▸ **TASK PROMPT**: Write out each line of the listing as it stands, without the images.

▸ **INFORMATION**:
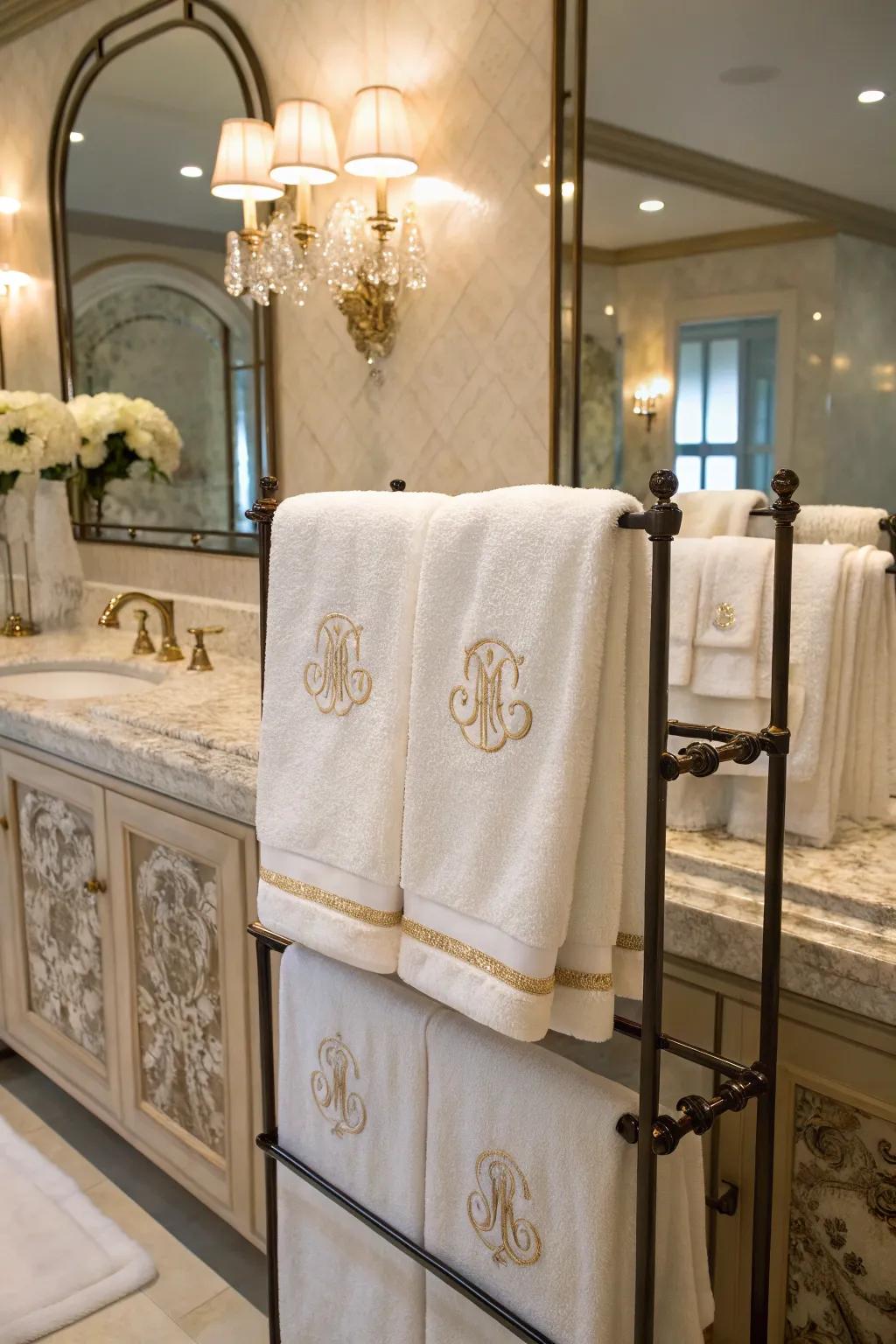 Monogrammed towels for a touch of elegance.
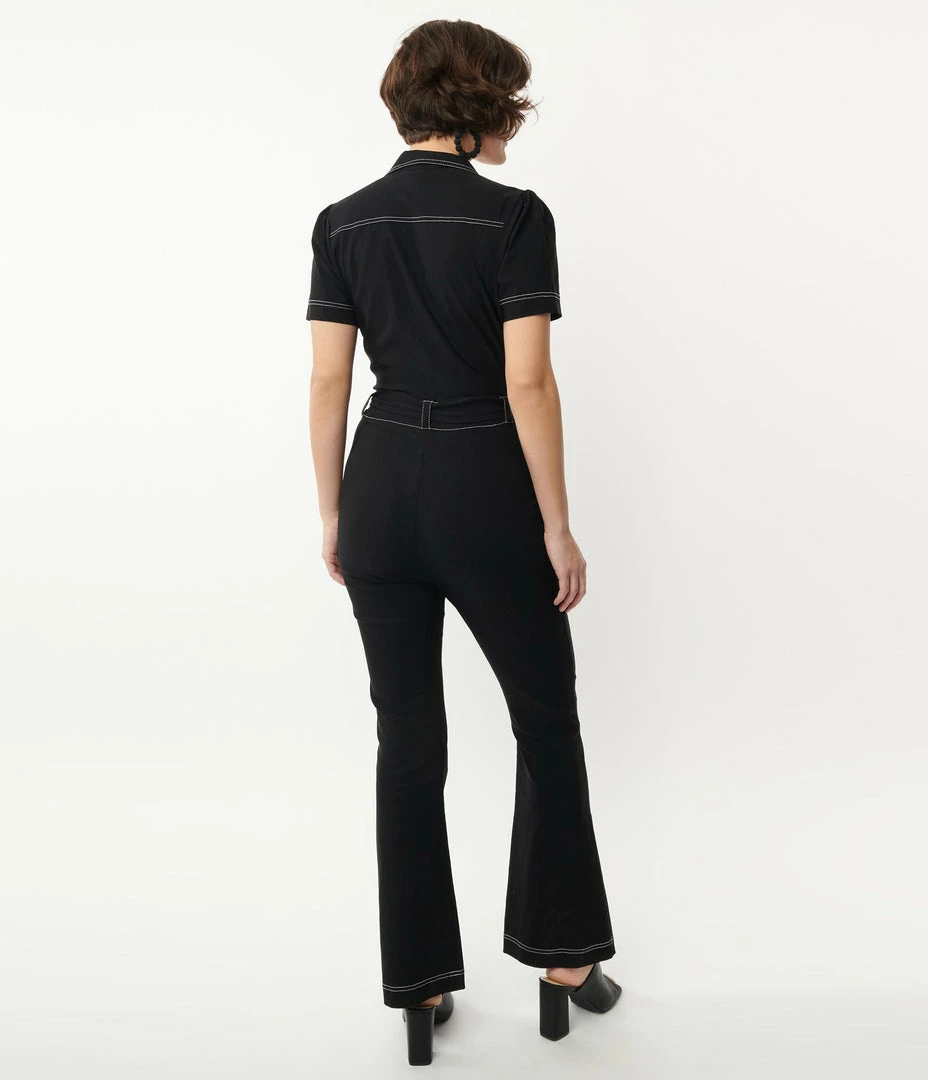 Unique Vintage Black Bexley Flare Jumpsuit Sale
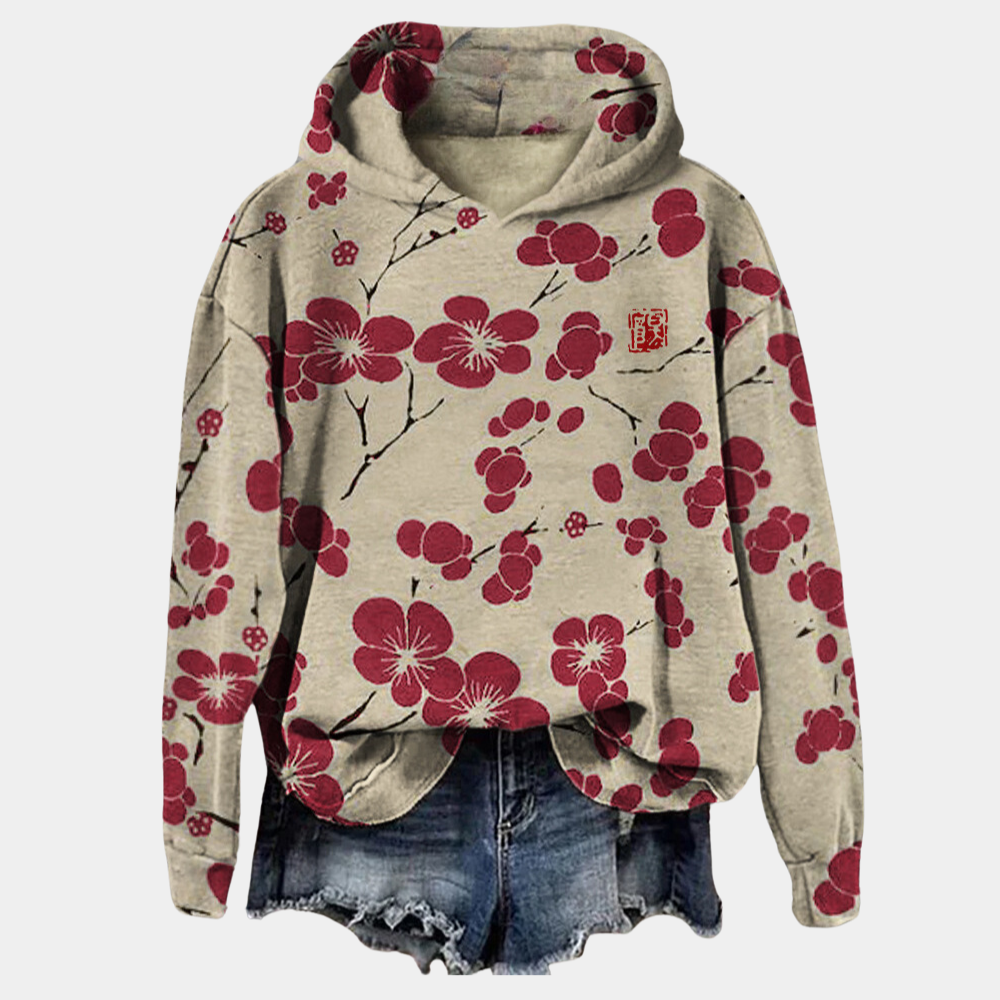 Effortless Floral Print Hoodie for Women with Drawstring Hood Long Sleeve Oversized High Low Hem Relaxed Style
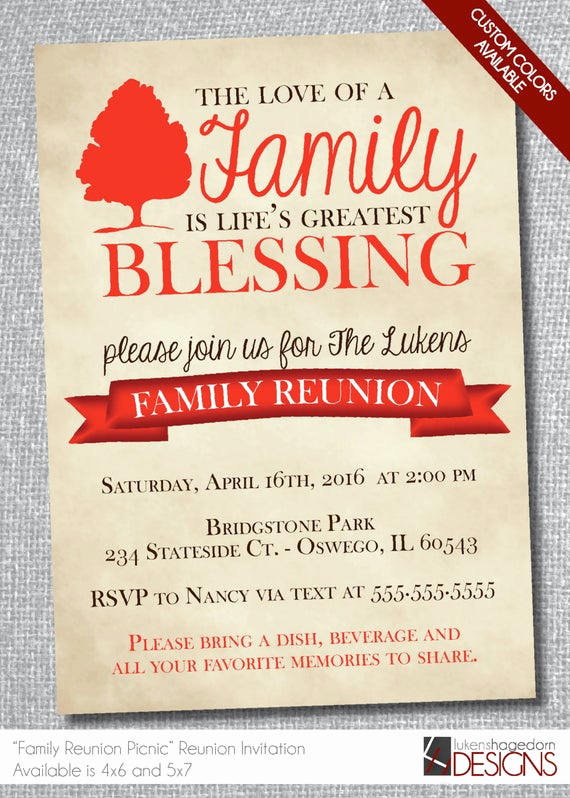 Family Reunion Invitation Sample Elegant Rustic Family Reunion Invitation Digital by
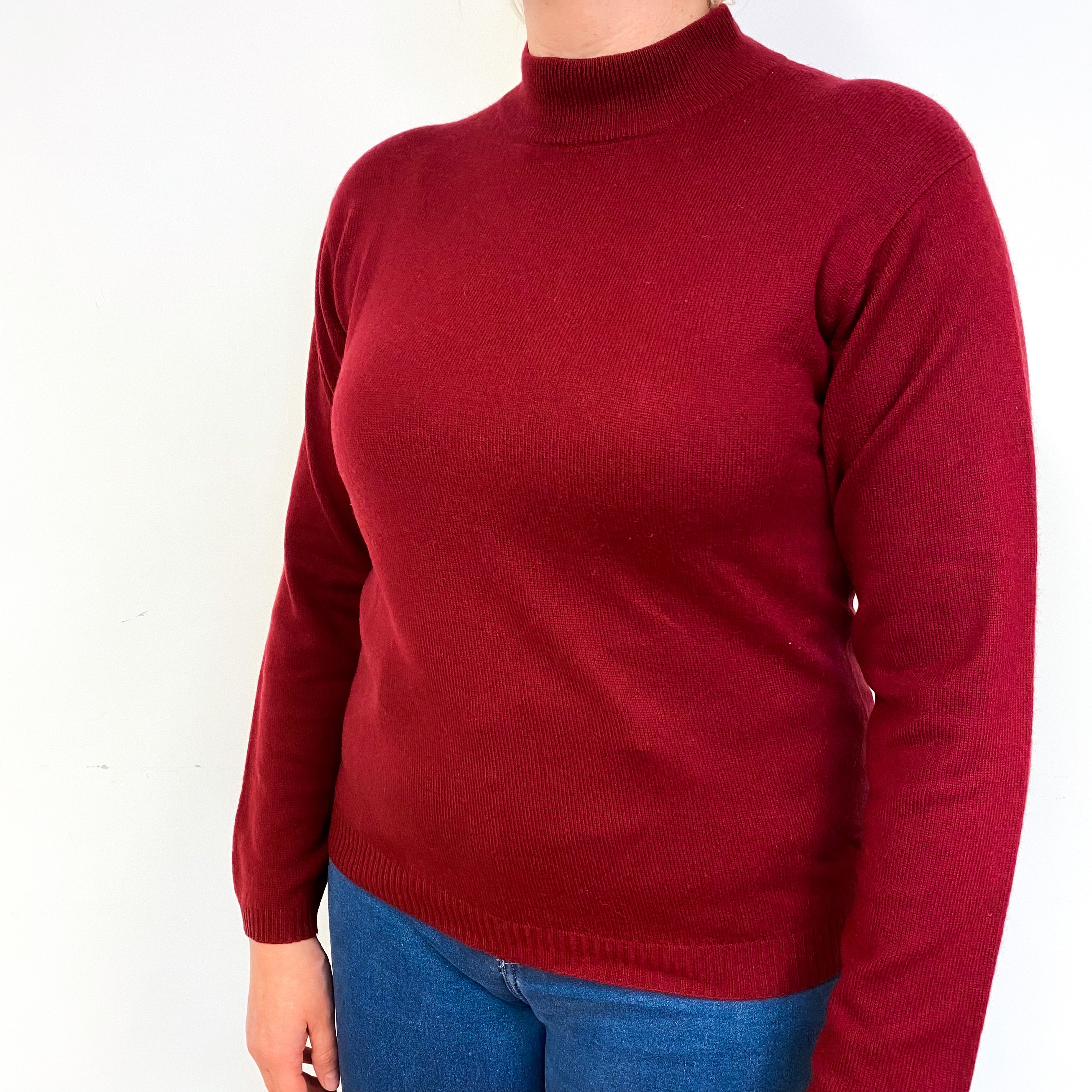 Burgundy Red Cashmere Turtle Neck Jumper Large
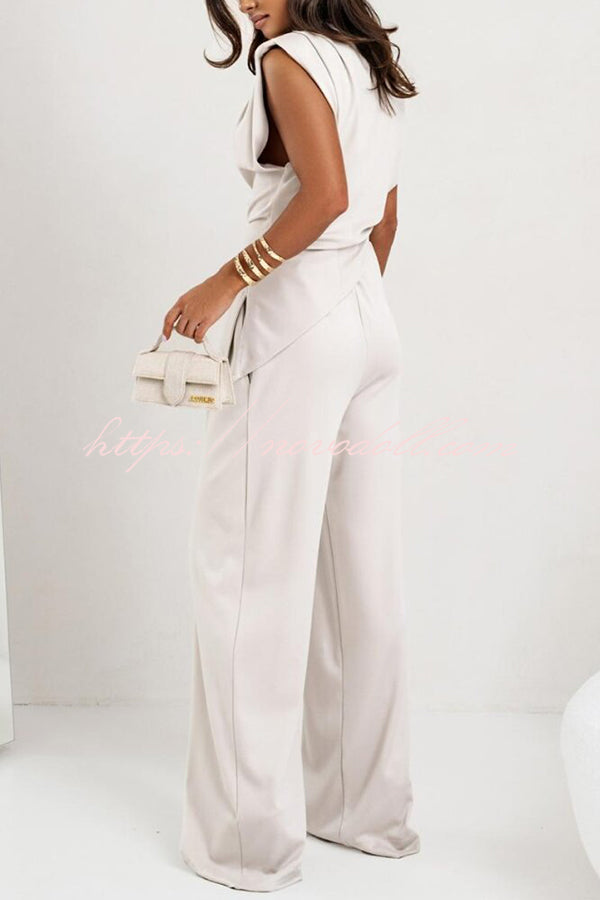 Jordy Ruched Shoulder Slit Top and Elastic Waist Pocketed Wide Leg Pants Set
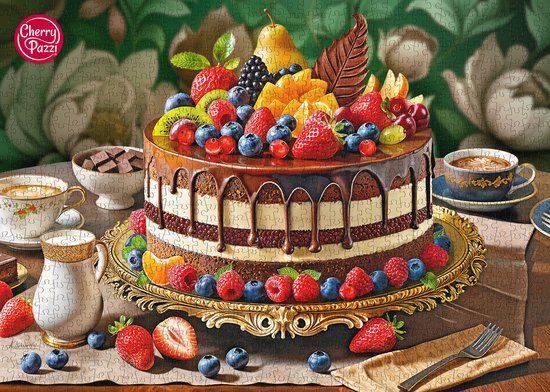 1000 stukjes puzzel met chocoladetaart, versierd met fruit, mokken koffie en chocolade.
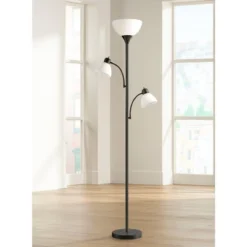 360 Lighting Bingham Modern Torchiere Floor Lamp With Side Lights 71 1/2" Tall Black Metal White Shade For Living Room Reading Bedroom Office House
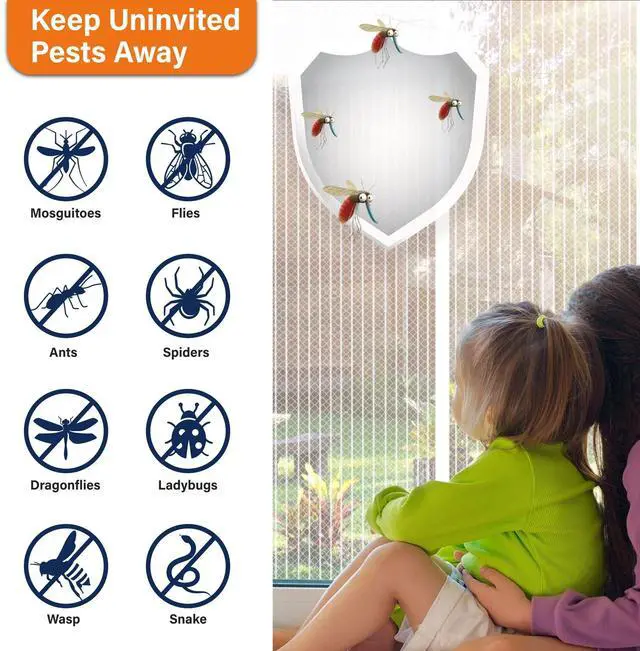 Alt view image 4 of 6 - Magnetic Screen DoorScreen Door MeshKeep Bugs Out, Heavy-Duty Mesh Curtain,Pet and Kid Friendly, Works with Front Doors, Sliding Doors38x82 Inch White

▸ **ANSWER FOR THE TASK**:
 Monogrammed towels for a touch of elegance.
 Unique Vintage Black Bexley Flare Jumpsuit Sale
 Effortless Floral Print Hoodie for Women with Drawstring Hood Long Sleeve Oversized High Low Hem Relaxed Style
 Family Reunion Invitation Sample Elegant Rustic Family Reunion Invitation Digital by
 Burgundy Red Cashmere Turtle Neck Jumper Large
 Jordy Ruched Shoulder Slit Top and Elastic Waist Pocketed Wide Leg Pants Set
 1000 stukjes puzzel met chocoladetaart, versierd met fruit, mokken koffie en chocolade.
 360 Lighting Bingham Modern Torchiere Floor Lamp With Side Lights 71 1/2" Tall Black Metal White Shade For Living Room Reading Bedroom Office House
 Alt view image 4 of 6 - Magnetic Screen DoorScreen Door MeshKeep Bugs Out, Heavy-Duty Mesh Curtain,Pet and Kid Friendly, Works with Front Doors, Sliding Doors38x82 Inch White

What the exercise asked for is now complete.